Definition 20.1 (Expectation of a discrete random variable) Let \(X\) be a discrete random variable. The expectation of \(X\) (or the mean of \(X\)) is defined as: \[E(X)=\sum_{\textrm{all }x}xP(X=x).\]

In other words, the expected value of \(X\) is a weighted average of the possible values that \(X\) can take on, weighted by their probabilities.

Note

The expected value of \(X\) is a fixed number, \(E(X)\in\mathbb{R}\). It is not a random variable such as \(g(X)\).

Sometimes, we would like to omit the parentheses for simplicity and write \(EX := E(X)\). We also like to denote expectation by the Greek letter \(\mu := E(X)\).

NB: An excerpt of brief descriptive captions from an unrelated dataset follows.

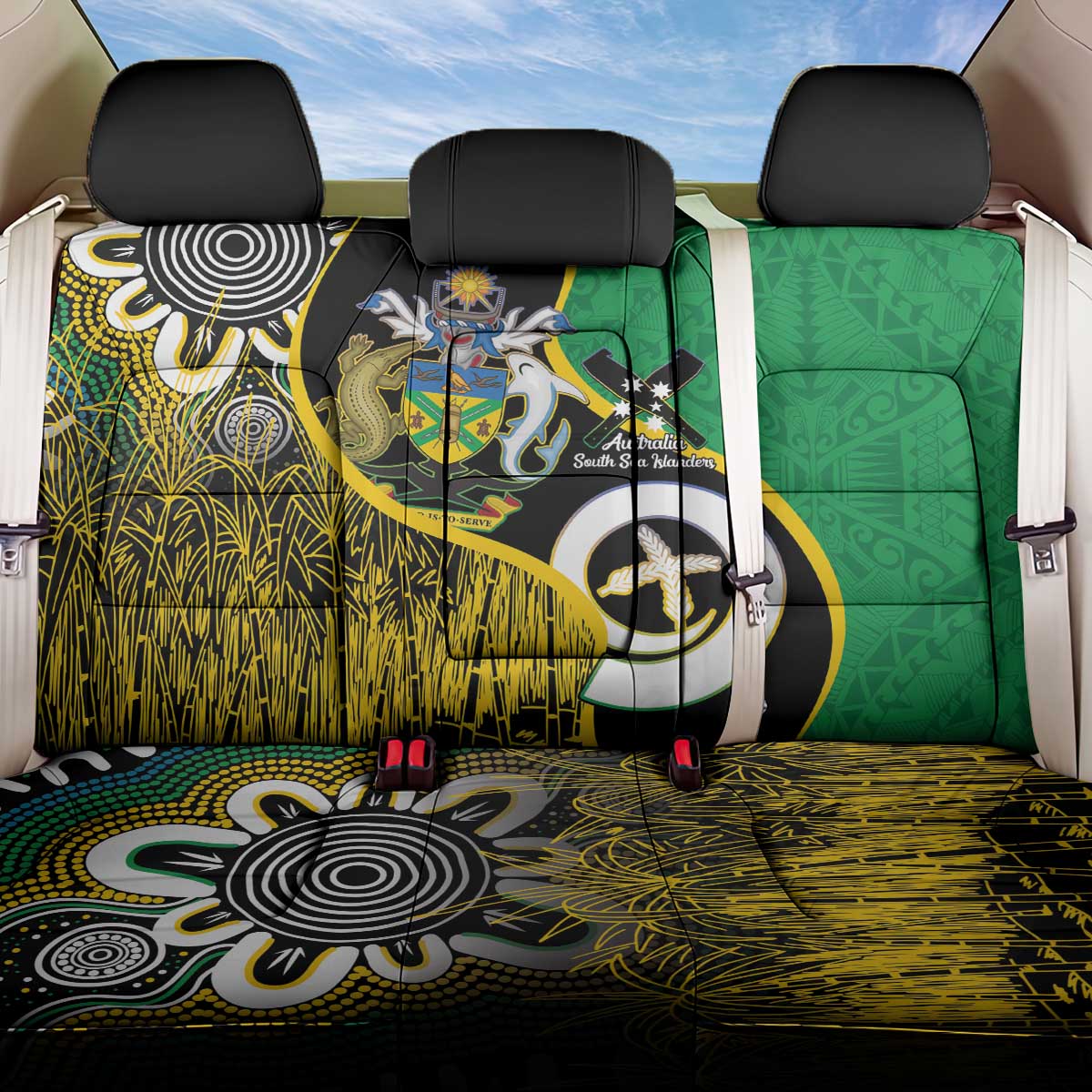 Australian South Sea Islanders National Recognition Day Back Car Seat Cover Solomon Islands And Vanuatu Culture LT14 One Size Black - Polynesian Pride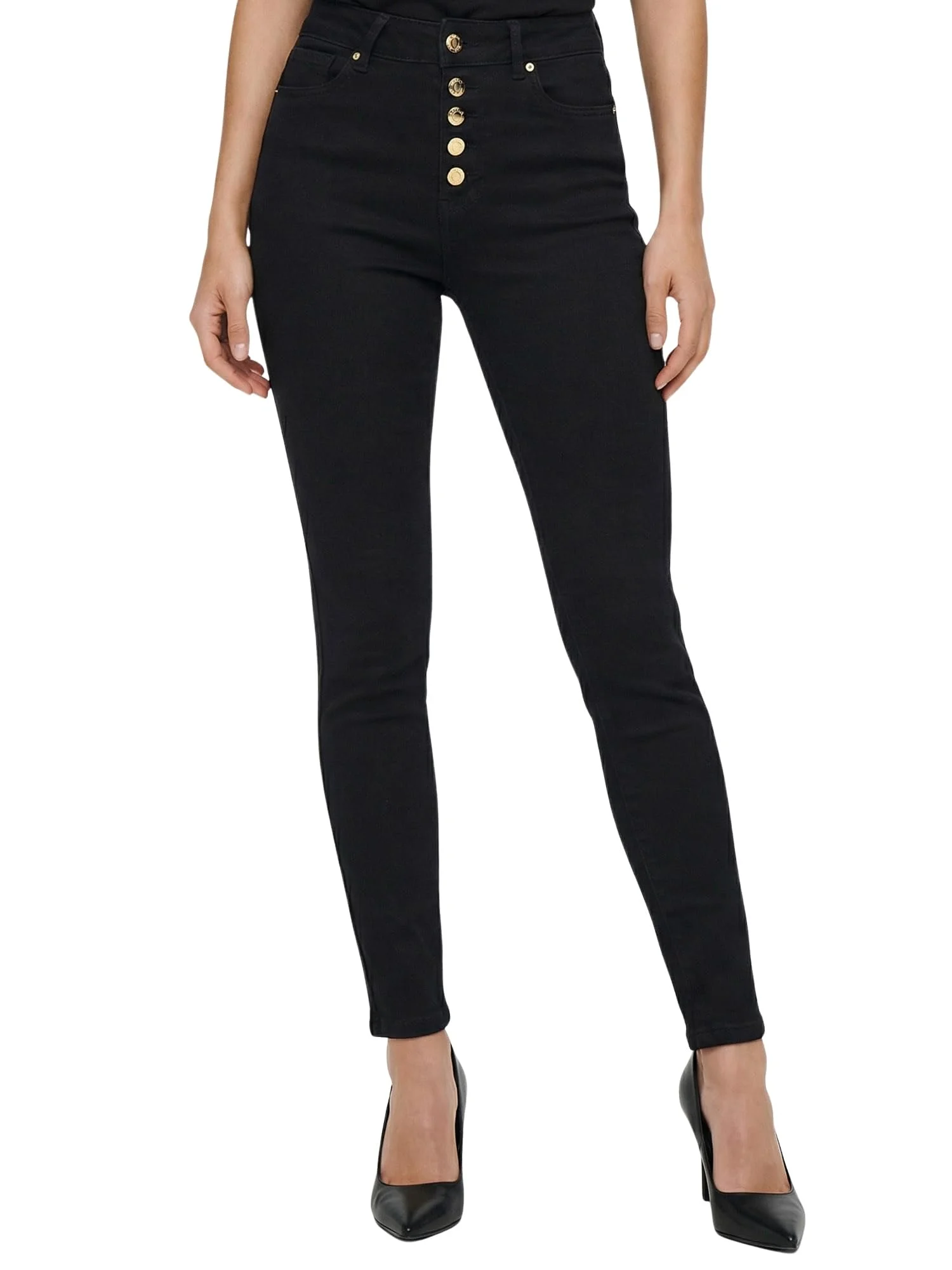 Tazzio Damen Jeans Skinny Fit, High Waist, Stretch, goldene Knopfleiste F136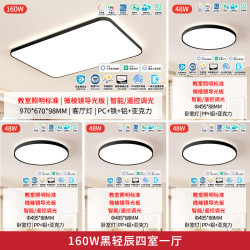 雷士 吸顶灯全光谱 普瑞未来光 客厅+卧室*4【160w 黑轻辰】
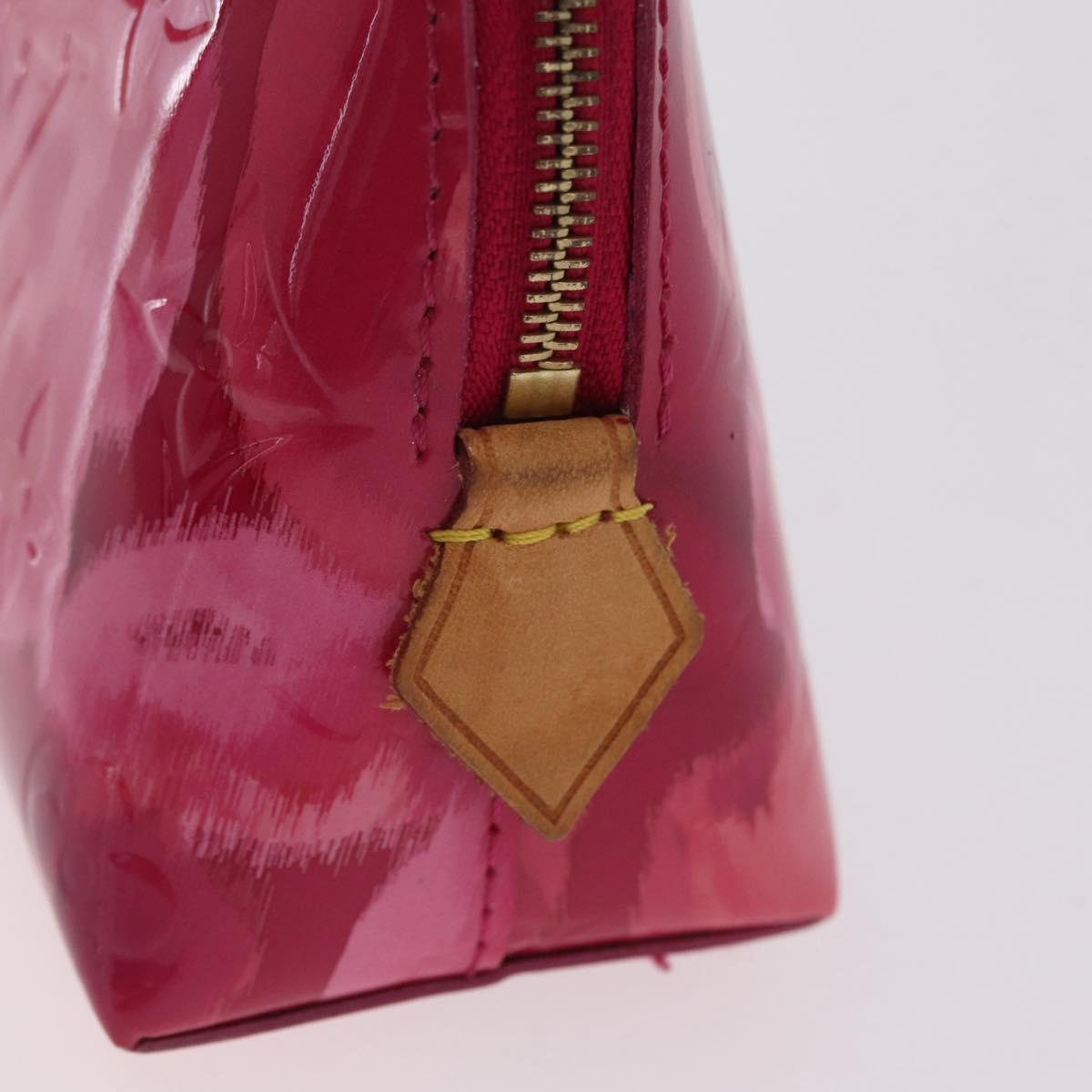 LOUIS VUITTON Vernis Ikat Flower Pochette Cosmetic Pink M90045 LV Auth 210111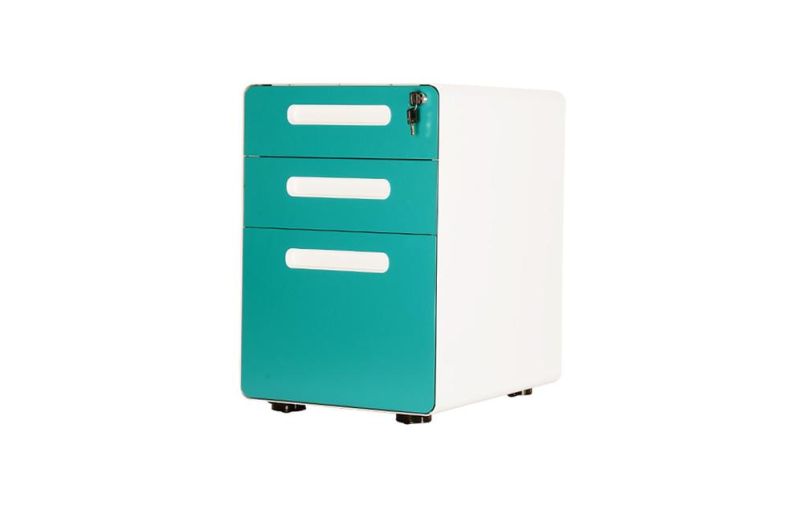 Round Edge 3 Drawer Mobile Pedestal Steel File Cabinet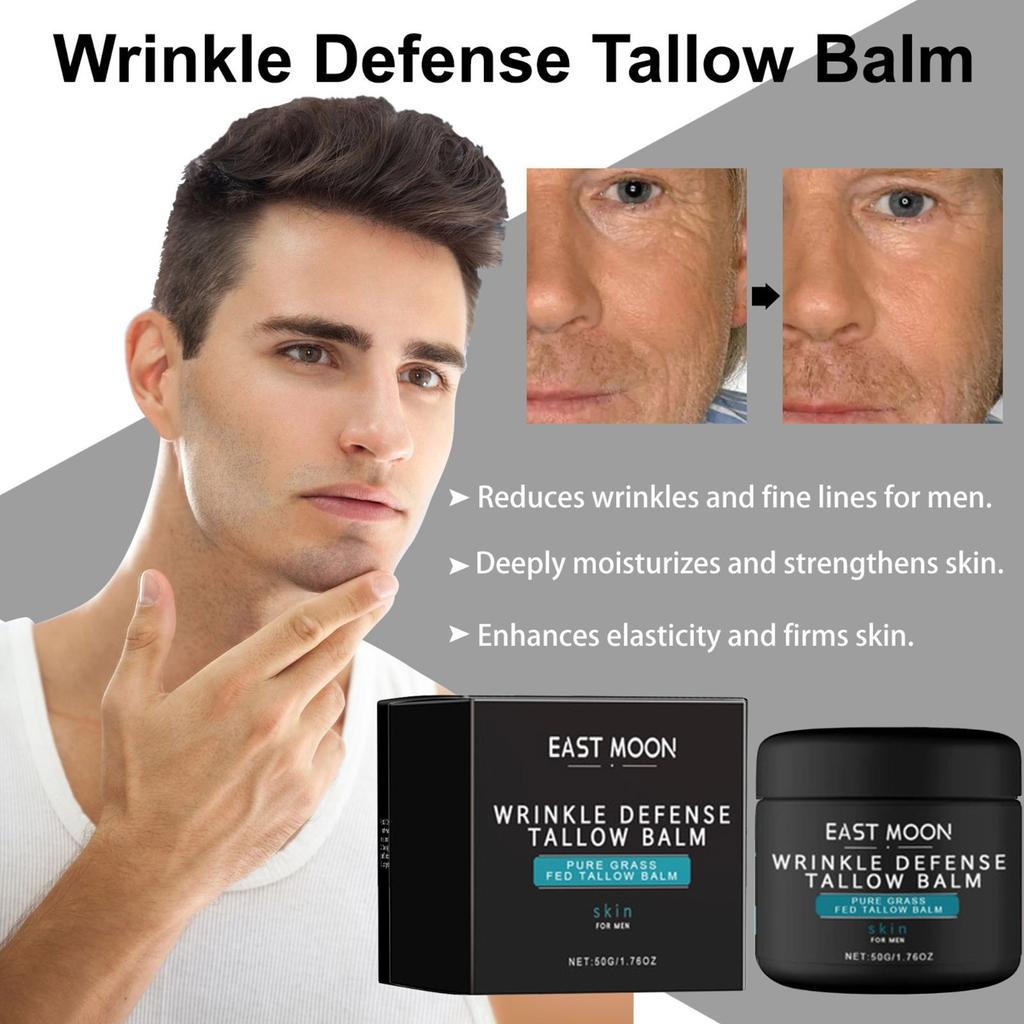 Wrinkle Care Tallow Balm,Butter Ointment,Men's Facial Cream,Anti-wrinkle Butter,Deeply Moisturize,Long-lasting Moisturizing,delay Skin Aging,50g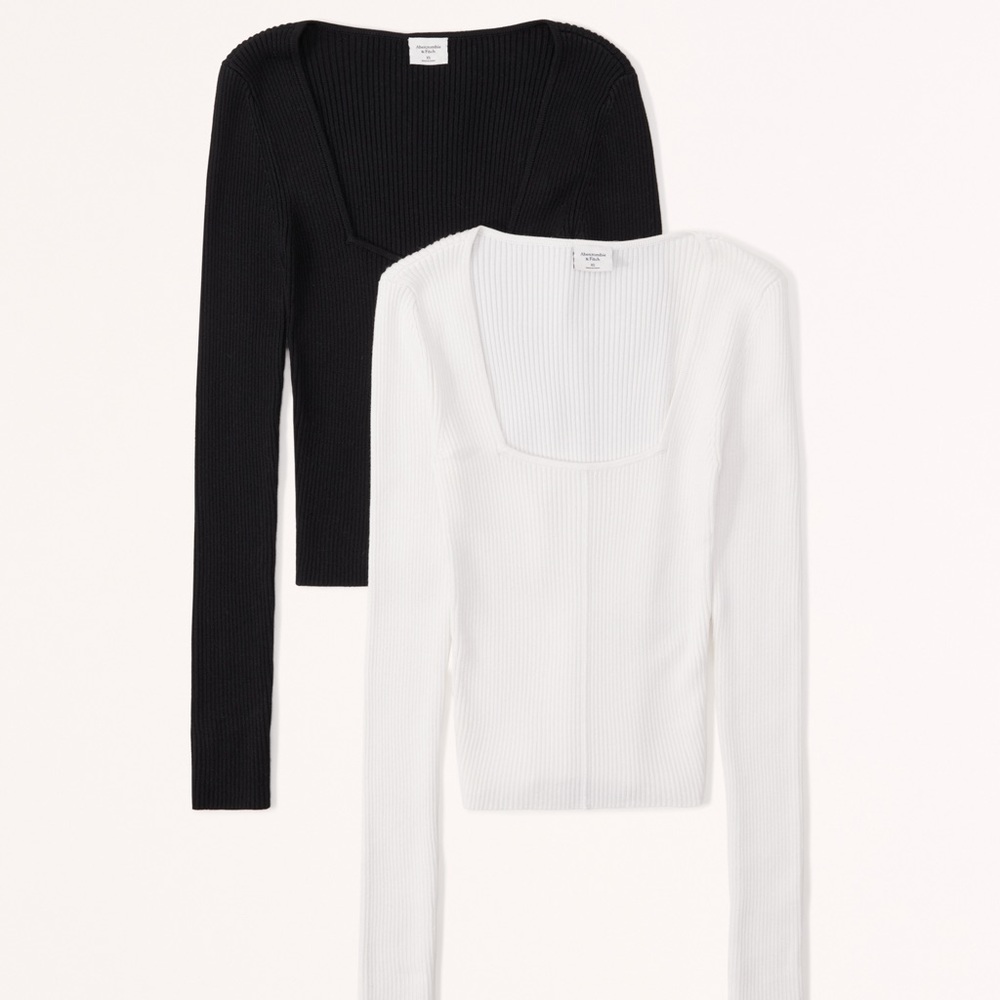 Abercrombie & Fitch Long Sleeve Ribbed Knit Sweater - Black - US L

Example 20.1 The expectation of a Bernoulli random variable \(X \sim \text{Bern}(p)\): \[E(X)=1\times P(X=1)+0\times P(X=0)=p.\]

Example 20.2 The expectation of a Binomial random variable \(X \sim \text{Bin}(n,p)\): \[\begin{aligned}E(X)= & \sum_{k=0}^{n}kp(k)\\ = & \sum_{k=0}^{n}k\cdot\binom{n}{k}p^{k}q^{n-k}\\ = & \sum_{k=1}^{n}n\cdot\binom{n-1}{k-1}p^{k}q^{n-k}\\ = & np\sum_{k=1}^{n}\binom{n-1}{k-1}p^{k-1}q^{n-k}\\ = & np\underbrace{\sum_{j=0}^{n-1}\binom{n-1}{j}p^{j}q^{n-1-j}}_{\textrm{another Binomial PMF}}\\ = & np. \end{aligned}\]

Proposition 20.1 Expectation has the following properties:

  • \(E(X+Y) = E(X) + E(Y)\)

  • \(E(aX + b) = a E(X) + b\)

Example 20.3 Redo the expectation of \(X\sim \text{Bin}(n,p)\) with properties of expectation: \[E(X)=E(X_{1}+\cdots+X_{n})=nE(X_{i})=np\] where \(X_{i}\sim\textrm{Bern}(p)\).

Law of averages*

You may wonder what is the difference between \(E(X)\) defined in Definition 20.1 and the average of values defined as \(\bar{X}=\frac{1}{n}(X_1+X_2+\dots+X_n)\).

The short answer is this: \(E(X)\) is a theoretical value, while \(\bar{X}\) is an approximation to \(E(X)\) with finite observations. They are associated by the following theorem.

Law of averages

The law of averages (or the law of large numbers) states that if you repeat a random experiment, such as tossing a coin or rolling a die, a very large number of times, your individual outcomes, when averaged, should be very close to the theoretical mean (a constant parameter). In mathematical language, \[\bar X_n \to^p \mu \text{ when }n\to\infty.\] where \(\to^p\) reads as “converge in probability”.

There is another fundamental difference. In probability theory, we treat \(E(X)\) as a fixed number; while \(\bar X\) is another random variable! Because the sample \(\{X_1,X_2,\dots,X_n\}\) is generated randomly. Consider the coin flipping example, while \(E(X)=0.5\) is a constant, each time you compute the average of, say, 10 flips, you get a different number. We will come back to this point later.